WHAT THE TASK REQUIRES: The lines from the start of the records through the one containing "Used 2023 Lexus" are to be restated word for word; please include both ends.

RECORDS TO PROCESS:
....

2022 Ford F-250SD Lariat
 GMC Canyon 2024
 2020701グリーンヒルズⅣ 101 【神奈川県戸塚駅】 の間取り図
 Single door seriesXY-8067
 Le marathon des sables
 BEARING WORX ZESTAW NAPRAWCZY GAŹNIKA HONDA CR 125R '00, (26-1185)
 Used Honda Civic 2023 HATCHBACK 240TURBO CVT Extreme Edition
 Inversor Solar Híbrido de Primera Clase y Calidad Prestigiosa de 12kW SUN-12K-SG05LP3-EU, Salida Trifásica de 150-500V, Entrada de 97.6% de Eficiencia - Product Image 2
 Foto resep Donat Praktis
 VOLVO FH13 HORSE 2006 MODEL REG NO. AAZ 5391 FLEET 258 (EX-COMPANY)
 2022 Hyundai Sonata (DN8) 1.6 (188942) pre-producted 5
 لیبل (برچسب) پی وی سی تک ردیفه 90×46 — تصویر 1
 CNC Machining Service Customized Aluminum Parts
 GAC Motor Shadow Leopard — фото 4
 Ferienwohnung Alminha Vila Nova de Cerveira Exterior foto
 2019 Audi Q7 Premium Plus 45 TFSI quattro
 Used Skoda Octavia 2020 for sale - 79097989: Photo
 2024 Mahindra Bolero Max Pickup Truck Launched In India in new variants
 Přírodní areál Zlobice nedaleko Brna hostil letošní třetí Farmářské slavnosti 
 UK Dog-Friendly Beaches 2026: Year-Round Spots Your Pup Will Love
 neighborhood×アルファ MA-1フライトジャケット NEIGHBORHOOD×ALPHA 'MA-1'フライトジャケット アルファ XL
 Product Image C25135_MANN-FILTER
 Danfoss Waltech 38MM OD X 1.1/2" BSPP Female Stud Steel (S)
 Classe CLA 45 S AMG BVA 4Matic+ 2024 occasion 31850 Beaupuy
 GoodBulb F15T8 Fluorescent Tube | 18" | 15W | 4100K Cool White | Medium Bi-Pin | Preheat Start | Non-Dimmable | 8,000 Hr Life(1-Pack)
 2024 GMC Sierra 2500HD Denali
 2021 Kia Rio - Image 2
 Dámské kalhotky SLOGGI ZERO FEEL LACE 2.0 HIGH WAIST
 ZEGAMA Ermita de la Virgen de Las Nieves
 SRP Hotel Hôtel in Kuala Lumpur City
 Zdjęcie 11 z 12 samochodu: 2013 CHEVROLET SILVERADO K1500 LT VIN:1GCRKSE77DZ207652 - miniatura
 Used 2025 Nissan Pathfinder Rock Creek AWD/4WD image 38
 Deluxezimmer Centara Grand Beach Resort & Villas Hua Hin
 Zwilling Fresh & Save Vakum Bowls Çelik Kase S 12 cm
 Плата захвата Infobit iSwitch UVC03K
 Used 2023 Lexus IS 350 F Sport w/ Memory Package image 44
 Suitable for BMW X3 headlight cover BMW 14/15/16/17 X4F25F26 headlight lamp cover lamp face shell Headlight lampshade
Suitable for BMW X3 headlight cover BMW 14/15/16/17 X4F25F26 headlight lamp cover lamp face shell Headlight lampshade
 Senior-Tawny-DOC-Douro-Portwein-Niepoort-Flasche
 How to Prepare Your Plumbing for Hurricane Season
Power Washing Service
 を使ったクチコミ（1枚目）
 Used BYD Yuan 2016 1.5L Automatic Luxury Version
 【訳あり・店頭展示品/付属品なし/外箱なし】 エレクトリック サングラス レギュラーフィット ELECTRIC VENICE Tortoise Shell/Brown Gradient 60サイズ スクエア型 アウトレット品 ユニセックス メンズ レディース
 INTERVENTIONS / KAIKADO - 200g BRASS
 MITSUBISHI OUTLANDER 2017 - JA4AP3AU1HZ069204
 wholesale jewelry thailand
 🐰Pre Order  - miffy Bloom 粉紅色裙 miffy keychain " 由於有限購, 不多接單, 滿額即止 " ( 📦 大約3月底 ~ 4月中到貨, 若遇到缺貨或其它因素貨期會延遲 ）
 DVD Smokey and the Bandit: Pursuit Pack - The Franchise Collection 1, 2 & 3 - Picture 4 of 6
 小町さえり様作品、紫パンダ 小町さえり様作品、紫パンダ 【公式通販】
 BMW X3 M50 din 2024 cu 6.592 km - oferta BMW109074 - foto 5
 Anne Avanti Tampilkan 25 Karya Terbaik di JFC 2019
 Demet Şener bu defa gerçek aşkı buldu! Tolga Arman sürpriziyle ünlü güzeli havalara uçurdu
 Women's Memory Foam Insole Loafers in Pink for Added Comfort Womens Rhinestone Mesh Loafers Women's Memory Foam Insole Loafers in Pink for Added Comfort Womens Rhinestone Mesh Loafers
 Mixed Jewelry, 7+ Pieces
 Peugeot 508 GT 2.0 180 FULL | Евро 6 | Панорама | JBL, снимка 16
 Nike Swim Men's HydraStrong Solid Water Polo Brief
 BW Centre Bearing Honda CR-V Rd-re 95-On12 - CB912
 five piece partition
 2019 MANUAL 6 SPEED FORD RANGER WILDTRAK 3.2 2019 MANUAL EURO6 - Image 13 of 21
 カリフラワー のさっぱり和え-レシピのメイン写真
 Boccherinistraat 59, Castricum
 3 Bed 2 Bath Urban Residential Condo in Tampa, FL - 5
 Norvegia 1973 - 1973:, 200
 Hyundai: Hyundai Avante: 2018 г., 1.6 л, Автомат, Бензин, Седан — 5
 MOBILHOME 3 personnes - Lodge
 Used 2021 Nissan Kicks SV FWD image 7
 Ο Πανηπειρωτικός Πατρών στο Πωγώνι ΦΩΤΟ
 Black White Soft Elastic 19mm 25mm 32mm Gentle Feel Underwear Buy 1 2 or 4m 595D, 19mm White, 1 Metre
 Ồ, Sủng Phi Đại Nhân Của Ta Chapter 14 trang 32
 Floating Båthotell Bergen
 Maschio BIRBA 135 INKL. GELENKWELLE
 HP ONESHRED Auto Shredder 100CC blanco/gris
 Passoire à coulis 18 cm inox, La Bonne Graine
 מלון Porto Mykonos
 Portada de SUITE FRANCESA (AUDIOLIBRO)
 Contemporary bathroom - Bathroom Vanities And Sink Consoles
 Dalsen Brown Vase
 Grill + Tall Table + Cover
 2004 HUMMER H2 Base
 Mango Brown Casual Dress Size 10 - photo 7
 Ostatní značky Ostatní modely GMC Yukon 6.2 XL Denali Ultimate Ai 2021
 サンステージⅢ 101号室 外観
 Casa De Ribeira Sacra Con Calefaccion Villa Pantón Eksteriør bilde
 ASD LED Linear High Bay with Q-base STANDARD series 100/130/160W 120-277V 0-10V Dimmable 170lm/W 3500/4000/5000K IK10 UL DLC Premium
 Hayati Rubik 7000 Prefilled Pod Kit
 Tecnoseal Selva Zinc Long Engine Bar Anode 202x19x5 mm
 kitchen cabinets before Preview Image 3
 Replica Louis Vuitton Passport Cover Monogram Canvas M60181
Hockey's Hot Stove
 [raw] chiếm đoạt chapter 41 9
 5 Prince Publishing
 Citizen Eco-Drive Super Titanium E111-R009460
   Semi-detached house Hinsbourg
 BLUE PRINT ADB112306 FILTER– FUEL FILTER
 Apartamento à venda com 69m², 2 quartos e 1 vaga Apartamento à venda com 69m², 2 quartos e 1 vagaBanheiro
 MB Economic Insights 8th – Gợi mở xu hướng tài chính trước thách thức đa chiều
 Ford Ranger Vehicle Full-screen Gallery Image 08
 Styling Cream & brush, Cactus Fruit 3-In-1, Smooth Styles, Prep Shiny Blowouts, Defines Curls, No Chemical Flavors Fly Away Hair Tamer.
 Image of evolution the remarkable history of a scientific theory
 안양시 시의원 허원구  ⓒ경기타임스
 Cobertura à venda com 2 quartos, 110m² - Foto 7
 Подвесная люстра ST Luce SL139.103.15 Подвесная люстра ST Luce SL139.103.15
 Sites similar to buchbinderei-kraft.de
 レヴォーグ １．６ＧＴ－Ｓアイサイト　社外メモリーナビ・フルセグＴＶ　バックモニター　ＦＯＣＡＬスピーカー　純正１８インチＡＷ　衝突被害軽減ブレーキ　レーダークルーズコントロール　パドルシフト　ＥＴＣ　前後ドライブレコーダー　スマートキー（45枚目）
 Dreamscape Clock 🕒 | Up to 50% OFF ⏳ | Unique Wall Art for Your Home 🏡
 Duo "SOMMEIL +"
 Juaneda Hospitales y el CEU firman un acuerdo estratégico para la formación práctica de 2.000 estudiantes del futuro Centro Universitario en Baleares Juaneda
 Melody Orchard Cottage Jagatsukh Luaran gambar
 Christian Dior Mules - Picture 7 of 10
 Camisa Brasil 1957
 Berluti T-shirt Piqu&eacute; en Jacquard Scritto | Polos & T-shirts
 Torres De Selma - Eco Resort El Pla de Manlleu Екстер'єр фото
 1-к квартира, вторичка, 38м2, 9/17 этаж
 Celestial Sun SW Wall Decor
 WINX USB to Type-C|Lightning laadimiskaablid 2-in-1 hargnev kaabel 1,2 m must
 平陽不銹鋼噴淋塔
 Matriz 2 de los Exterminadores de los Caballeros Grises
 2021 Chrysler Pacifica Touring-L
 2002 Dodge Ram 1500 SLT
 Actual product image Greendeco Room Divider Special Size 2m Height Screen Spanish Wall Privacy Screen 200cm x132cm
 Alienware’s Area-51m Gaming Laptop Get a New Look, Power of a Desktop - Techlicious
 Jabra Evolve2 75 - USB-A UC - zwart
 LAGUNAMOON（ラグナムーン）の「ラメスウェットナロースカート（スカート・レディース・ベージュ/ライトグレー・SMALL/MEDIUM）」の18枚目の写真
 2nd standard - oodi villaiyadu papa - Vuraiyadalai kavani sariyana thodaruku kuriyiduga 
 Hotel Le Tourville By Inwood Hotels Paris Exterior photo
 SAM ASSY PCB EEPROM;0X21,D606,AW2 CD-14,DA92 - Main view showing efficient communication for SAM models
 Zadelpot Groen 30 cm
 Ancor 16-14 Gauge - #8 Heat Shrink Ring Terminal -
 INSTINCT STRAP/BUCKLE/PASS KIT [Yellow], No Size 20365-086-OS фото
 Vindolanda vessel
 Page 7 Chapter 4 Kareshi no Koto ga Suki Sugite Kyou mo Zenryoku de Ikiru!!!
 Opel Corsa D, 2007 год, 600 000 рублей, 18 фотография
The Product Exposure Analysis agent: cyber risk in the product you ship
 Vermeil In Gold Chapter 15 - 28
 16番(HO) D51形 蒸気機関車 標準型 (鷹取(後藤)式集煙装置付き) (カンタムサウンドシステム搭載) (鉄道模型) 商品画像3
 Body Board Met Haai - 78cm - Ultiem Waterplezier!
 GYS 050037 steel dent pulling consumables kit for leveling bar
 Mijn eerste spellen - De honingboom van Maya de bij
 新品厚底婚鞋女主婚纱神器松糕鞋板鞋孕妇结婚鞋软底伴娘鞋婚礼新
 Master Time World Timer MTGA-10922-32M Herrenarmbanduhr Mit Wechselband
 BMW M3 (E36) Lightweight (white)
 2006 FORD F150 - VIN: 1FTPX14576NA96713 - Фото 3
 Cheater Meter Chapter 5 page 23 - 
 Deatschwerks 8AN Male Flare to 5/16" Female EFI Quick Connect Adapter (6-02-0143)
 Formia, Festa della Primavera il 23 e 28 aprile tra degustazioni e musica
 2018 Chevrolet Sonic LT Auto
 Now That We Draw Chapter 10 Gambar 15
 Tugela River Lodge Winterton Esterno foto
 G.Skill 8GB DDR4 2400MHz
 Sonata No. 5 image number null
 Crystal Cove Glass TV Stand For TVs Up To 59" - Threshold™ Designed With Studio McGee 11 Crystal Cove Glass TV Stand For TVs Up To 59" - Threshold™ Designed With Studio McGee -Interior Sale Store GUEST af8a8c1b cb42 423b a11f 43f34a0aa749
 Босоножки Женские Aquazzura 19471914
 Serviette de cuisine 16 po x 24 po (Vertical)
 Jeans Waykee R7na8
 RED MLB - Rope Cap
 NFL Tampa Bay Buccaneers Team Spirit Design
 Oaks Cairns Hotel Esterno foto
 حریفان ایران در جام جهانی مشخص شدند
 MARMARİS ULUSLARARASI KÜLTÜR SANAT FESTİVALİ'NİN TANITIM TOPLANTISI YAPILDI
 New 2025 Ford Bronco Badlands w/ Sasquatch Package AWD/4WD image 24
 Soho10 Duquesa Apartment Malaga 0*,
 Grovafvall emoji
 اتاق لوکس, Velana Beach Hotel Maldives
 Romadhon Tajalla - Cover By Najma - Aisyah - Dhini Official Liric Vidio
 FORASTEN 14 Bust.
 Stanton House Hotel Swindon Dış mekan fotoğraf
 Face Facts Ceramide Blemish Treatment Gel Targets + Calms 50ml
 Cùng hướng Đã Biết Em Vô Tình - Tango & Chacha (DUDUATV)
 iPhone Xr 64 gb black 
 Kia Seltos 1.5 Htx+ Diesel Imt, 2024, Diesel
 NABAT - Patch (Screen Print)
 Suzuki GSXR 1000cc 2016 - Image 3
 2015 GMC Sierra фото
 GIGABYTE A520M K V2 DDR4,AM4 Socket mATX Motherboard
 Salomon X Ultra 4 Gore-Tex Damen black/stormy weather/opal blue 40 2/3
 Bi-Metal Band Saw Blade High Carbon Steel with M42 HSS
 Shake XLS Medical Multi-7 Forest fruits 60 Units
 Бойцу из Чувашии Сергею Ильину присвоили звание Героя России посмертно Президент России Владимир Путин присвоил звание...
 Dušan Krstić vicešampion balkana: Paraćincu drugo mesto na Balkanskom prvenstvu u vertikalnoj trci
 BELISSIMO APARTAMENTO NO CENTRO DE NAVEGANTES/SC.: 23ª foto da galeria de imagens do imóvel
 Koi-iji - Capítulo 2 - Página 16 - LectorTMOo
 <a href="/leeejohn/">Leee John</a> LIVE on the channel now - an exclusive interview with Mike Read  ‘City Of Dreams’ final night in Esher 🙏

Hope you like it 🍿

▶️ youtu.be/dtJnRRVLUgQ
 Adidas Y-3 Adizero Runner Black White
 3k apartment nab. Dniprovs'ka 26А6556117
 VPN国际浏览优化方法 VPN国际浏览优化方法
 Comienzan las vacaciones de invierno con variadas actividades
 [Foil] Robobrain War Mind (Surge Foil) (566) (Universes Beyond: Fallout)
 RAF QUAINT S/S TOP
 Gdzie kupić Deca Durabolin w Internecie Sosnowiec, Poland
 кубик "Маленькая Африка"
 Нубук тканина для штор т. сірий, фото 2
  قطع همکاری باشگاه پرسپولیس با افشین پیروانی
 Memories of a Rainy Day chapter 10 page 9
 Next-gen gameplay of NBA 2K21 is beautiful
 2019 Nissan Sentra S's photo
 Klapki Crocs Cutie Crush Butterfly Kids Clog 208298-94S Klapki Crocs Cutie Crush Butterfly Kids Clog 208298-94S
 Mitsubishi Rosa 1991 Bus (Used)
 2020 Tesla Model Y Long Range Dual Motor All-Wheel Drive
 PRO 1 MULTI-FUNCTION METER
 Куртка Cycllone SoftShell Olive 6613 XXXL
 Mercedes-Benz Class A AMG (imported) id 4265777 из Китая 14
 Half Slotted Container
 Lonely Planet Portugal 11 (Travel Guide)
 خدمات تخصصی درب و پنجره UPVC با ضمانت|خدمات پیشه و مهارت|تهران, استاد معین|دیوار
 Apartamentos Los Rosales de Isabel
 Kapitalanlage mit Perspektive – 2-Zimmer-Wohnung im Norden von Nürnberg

....

YOUR SOLUTION:
2022 Ford F-250SD Lariat
 GMC Canyon 2024
 2020701グリーンヒルズⅣ 101 【神奈川県戸塚駅】 の間取り図
 Single door seriesXY-8067
 Le marathon des sables
 BEARING WORX ZESTAW NAPRAWCZY GAŹNIKA HONDA CR 125R '00, (26-1185)
 Used Honda Civic 2023 HATCHBACK 240TURBO CVT Extreme Edition
 Inversor Solar Híbrido de Primera Clase y Calidad Prestigiosa de 12kW SUN-12K-SG05LP3-EU, Salida Trifásica de 150-500V, Entrada de 97.6% de Eficiencia - Product Image 2
 Foto resep Donat Praktis
 VOLVO FH13 HORSE 2006 MODEL REG NO. AAZ 5391 FLEET 258 (EX-COMPANY)
 2022 Hyundai Sonata (DN8) 1.6 (188942) pre-producted 5
 لیبل (برچسب) پی وی سی تک ردیفه 90×46 — تصویر 1
 CNC Machining Service Customized Aluminum Parts
 GAC Motor Shadow Leopard — фото 4
 Ferienwohnung Alminha Vila Nova de Cerveira Exterior foto
 2019 Audi Q7 Premium Plus 45 TFSI quattro
 Used Skoda Octavia 2020 for sale - 79097989: Photo
 2024 Mahindra Bolero Max Pickup Truck Launched In India in new variants
 Přírodní areál Zlobice nedaleko Brna hostil letošní třetí Farmářské slavnosti 
 UK Dog-Friendly Beaches 2026: Year-Round Spots Your Pup Will Love
 neighborhood×アルファ MA-1フライトジャケット NEIGHBORHOOD×ALPHA 'MA-1'フライトジャケット アルファ XL
 Product Image C25135_MANN-FILTER
 Danfoss Waltech 38MM OD X 1.1/2" BSPP Female Stud Steel (S)
 Classe CLA 45 S AMG BVA 4Matic+ 2024 occasion 31850 Beaupuy
 GoodBulb F15T8 Fluorescent Tube | 18" | 15W | 4100K Cool White | Medium Bi-Pin | Preheat Start | Non-Dimmable | 8,000 Hr Life(1-Pack)
 2024 GMC Sierra 2500HD Denali
 2021 Kia Rio - Image 2
 Dámské kalhotky SLOGGI ZERO FEEL LACE 2.0 HIGH WAIST
 ZEGAMA Ermita de la Virgen de Las Nieves
 SRP Hotel Hôtel in Kuala Lumpur City
 Zdjęcie 11 z 12 samochodu: 2013 CHEVROLET SILVERADO K1500 LT VIN:1GCRKSE77DZ207652 - miniatura
 Used 2025 Nissan Pathfinder Rock Creek AWD/4WD image 38
 Deluxezimmer Centara Grand Beach Resort & Villas Hua Hin
 Zwilling Fresh & Save Vakum Bowls Çelik Kase S 12 cm
 Плата захвата Infobit iSwitch UVC03K
 Used 2023 Lexus IS 350 F Sport w/ Memory Package image 44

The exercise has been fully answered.